What the exercise asks -
Please repeat the data below exactly, with the pictures removed.

Records shown -

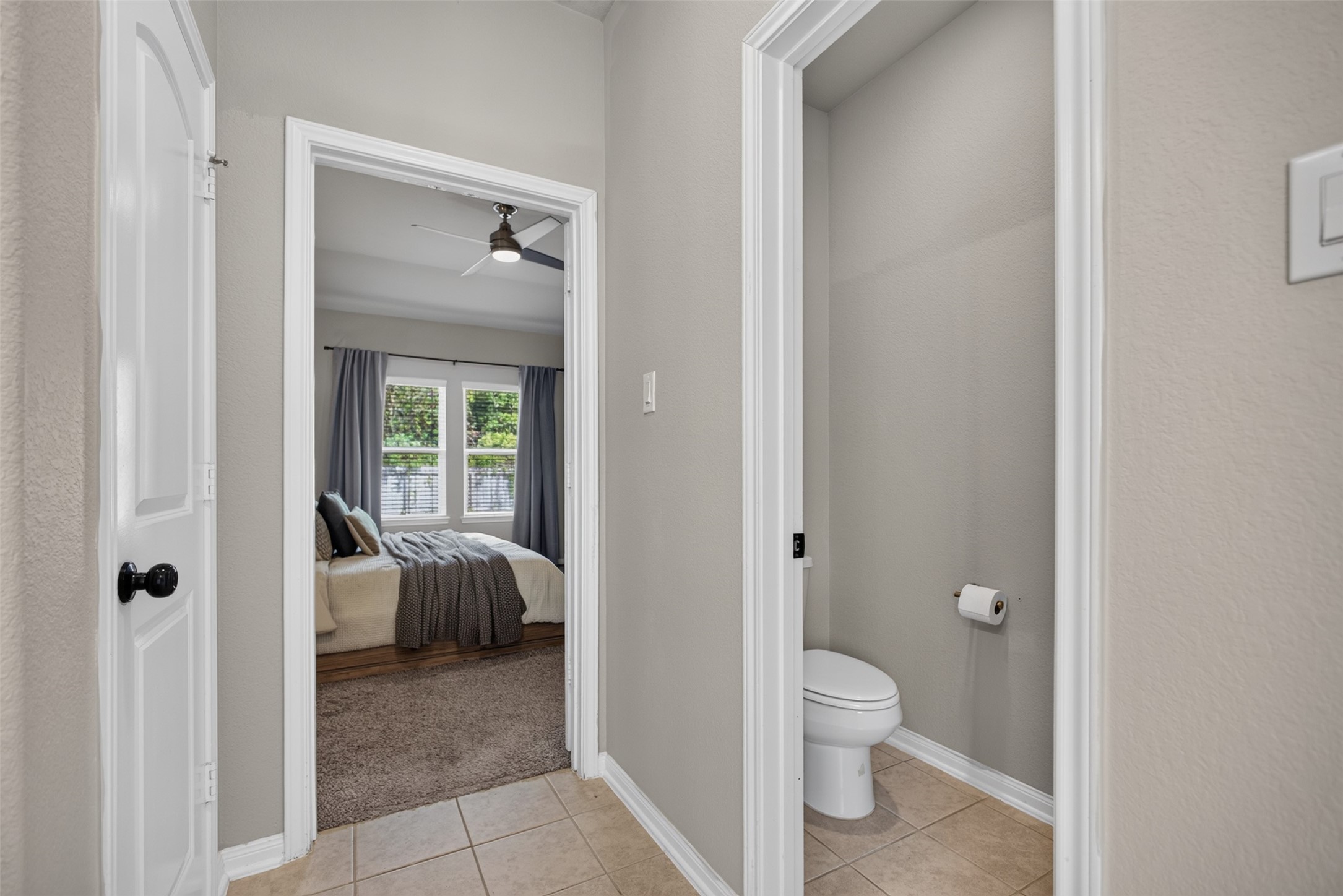 15015 Meadow Glen N, Conroe, TX 77306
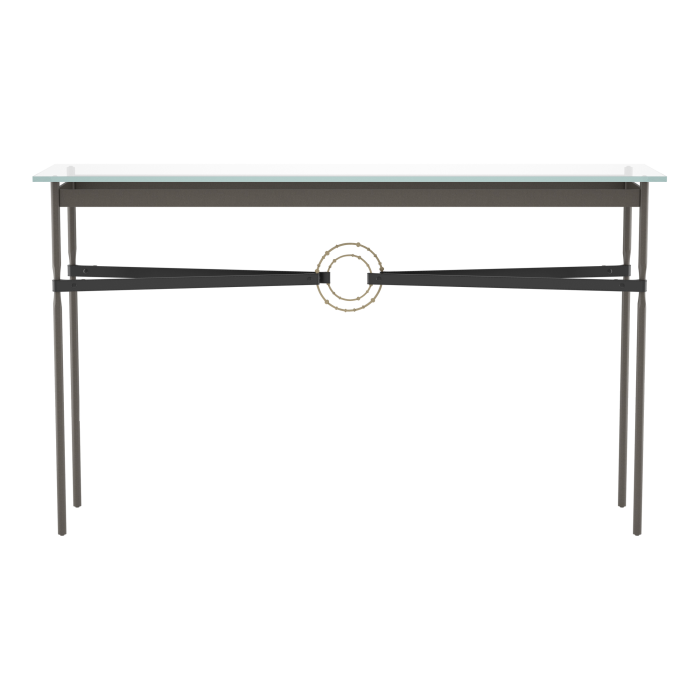 Hubbardton Forge 750118-07-84-LK-VA0714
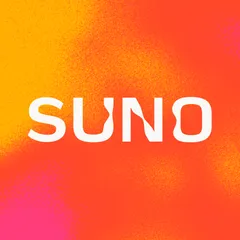 Tài khoản Suno AI làm nhạc không giới hạn bảo hành 30 ngày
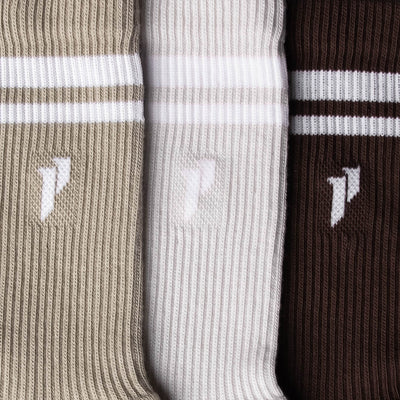 #color_neutrals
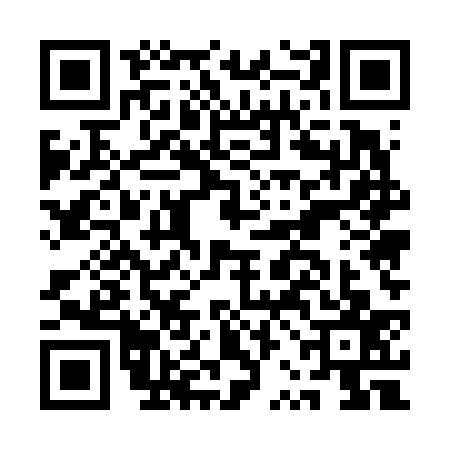 QR code for ARE6377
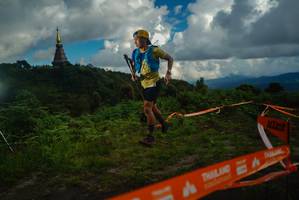 BIB: 
                            <button type="button" onclick="openModal(18894948)" class="btn btn-primary btn-sm float-right btn-popup" data-toggle="modal" data-target=".modal-high-quality">
                        <i class="fas fa-shopping-cart"></i> Add to Cart
                    </button>
                                            <button type="button" onclick="isThisMe(18894948, true)" class="btn btn-success btn-sm float-right btn-popup btn-isme hidden" data-toggle="tooltip" data-placement="bottom" title="นี่คือรูปของคุณใช่ไหม คลิกที่นี่เพื่อเอาเข้าอัลบั้ม">
                        <i class="fas fa-plus"></i> Add to album
                    </button>
                    <button type="button" onclick="isThisMe(18894948, false)" class="btn btn-warning btn-sm float-right btn-popup btn-isnotme hidden">
                        <i class="fas fa-ban"></i> Remove from album
                    </button>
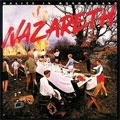 NAZARETH / ナザレス / マリス・イン・ワンダーランドBOX 5タイトル まとめ買いセット  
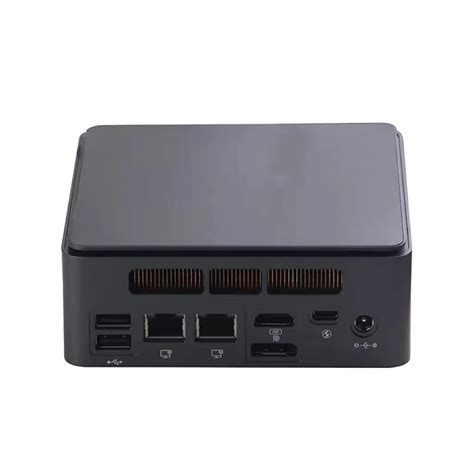 Ukuran Box Mini PC に対する画像結果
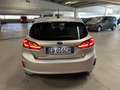 Ford Fiesta Fiesta VII 5p 1.1 Titanium Gpl s Argento - thumbnail 14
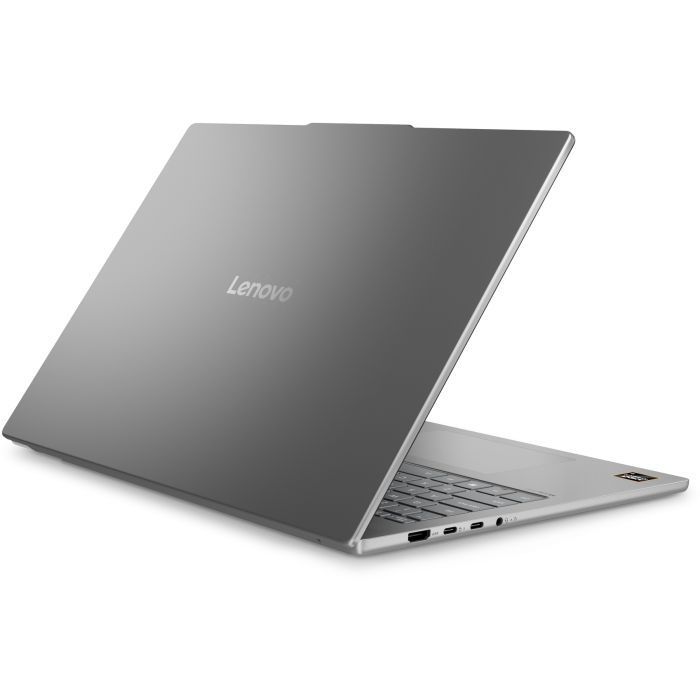 Ноутбук Lenovo IdeaPad Slim 5 16ARP10 (83HU003DRA) зображення 8
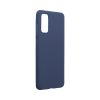 Sklenený kryt Glass Case čierny – Samsung Galaxy S20 | Lacné Kryty Lacné Kryty | Sklenený kryt Glass Case čierny – Samsung Galaxy S20 | Lacné Kryty
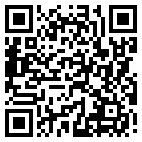 QR Code for Pamper Room in Oak Park, IL 60302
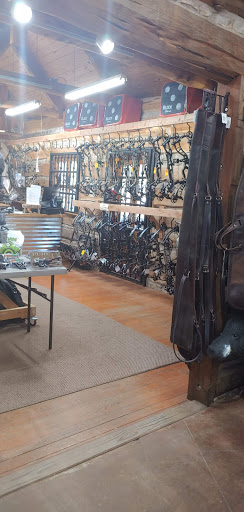 Sporting Goods Store «Sportsmans Finest», reviews and photos, 12434 FM2244, Bee Cave, TX 78738, USA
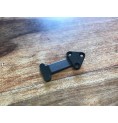 Goodall Rudder Clip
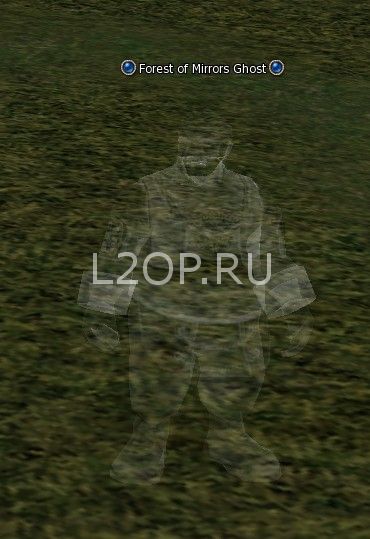 Иллюстрация к материалу «Квест на трансформацию л2. Трансформации. Не боевые трансформации»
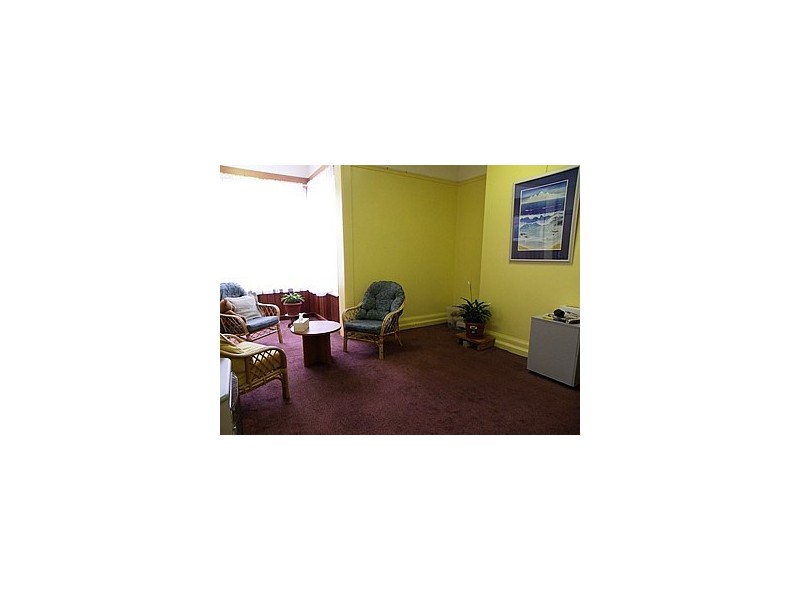 68 Emmett Street, Smithton TAS 7330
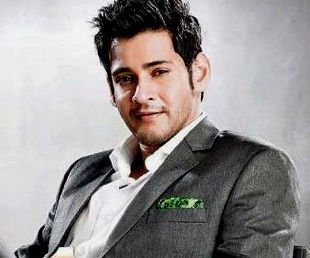 Two Release Options for Mahesh's Movie!
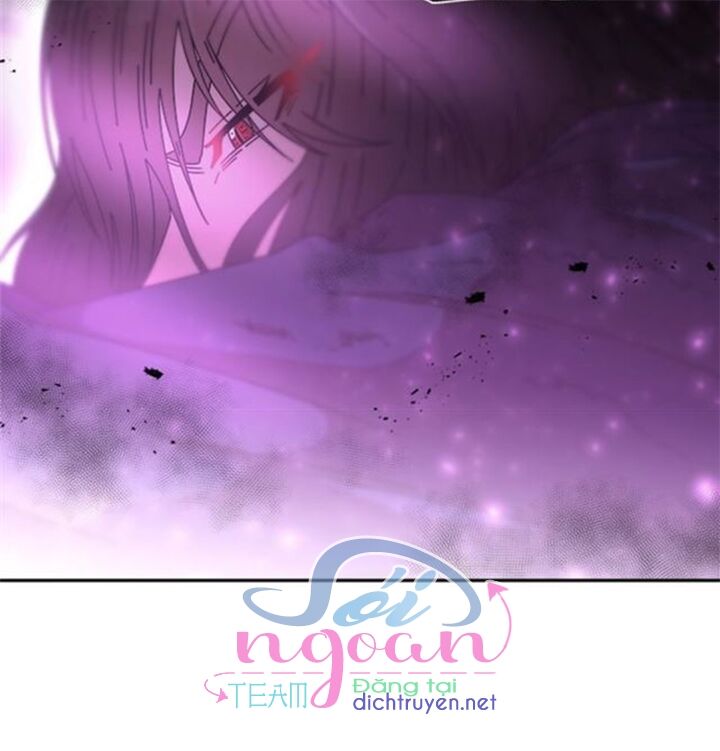 Con Gái Bảo Bối Của Ma Vương Chapter 57 - 35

Exercise output -
 15015 Meadow Glen N, Conroe, TX 77306
 Hubbardton Forge 750118-07-84-LK-VA0714
 Tài khoản Suno AI làm nhạc không giới hạn bảo hành 30 ngày
 #color_neutrals
 QR code for ARE6377
 BIB: 
                            <button type="button" onclick="openModal(18894948)" class="btn btn-primary btn-sm float-right btn-popup" data-toggle="modal" data-target=".modal-high-quality">
                        <i class="fas fa-shopping-cart"></i> Add to Cart
                    </button>
                                            <button type="button" onclick="isThisMe(18894948, true)" class="btn btn-success btn-sm float-right btn-popup btn-isme hidden" data-toggle="tooltip" data-placement="bottom" title="นี่คือรูปของคุณใช่ไหม คลิกที่นี่เพื่อเอาเข้าอัลบั้ม">
                        <i class="fas fa-plus"></i> Add to album
                    </button>
                    <button type="button" onclick="isThisMe(18894948, false)" class="btn btn-warning btn-sm float-right btn-popup btn-isnotme hidden">
                        <i class="fas fa-ban"></i> Remove from album
                    </button>
 NAZARETH / ナザレス / マリス・イン・ワンダーランドBOX 5タイトル まとめ買いセット  
 Ukuran Box Mini PC に対する画像結果
 Ford Fiesta Fiesta VII 5p 1.1 Titanium Gpl s Argento - thumbnail 14
 Ноутбук Lenovo IdeaPad Slim 5 16ARP10 (83HU003DRA) зображення 8
 Sklenený kryt Glass Case čierny – Samsung Galaxy S20 | Lacné Kryty Lacné Kryty | Sklenený kryt Glass Case čierny – Samsung Galaxy S20 | Lacné Kryty
 QR Code for Pamper Room in Oak Park, IL 60302
 Sporting Goods Store «Sportsmans Finest», reviews and photos, 12434 FM2244, Bee Cave, TX 78738, USA
 Goodall Rudder Clip
 Иллюстрация к материалу «Квест на трансформацию л2. Трансформации. Не боевые трансформации»
 68 Emmett Street, Smithton TAS 7330
 Two Release Options for Mahesh's Movie!
 Con Gái Bảo Bối Của Ma Vương Chapter 57 - 35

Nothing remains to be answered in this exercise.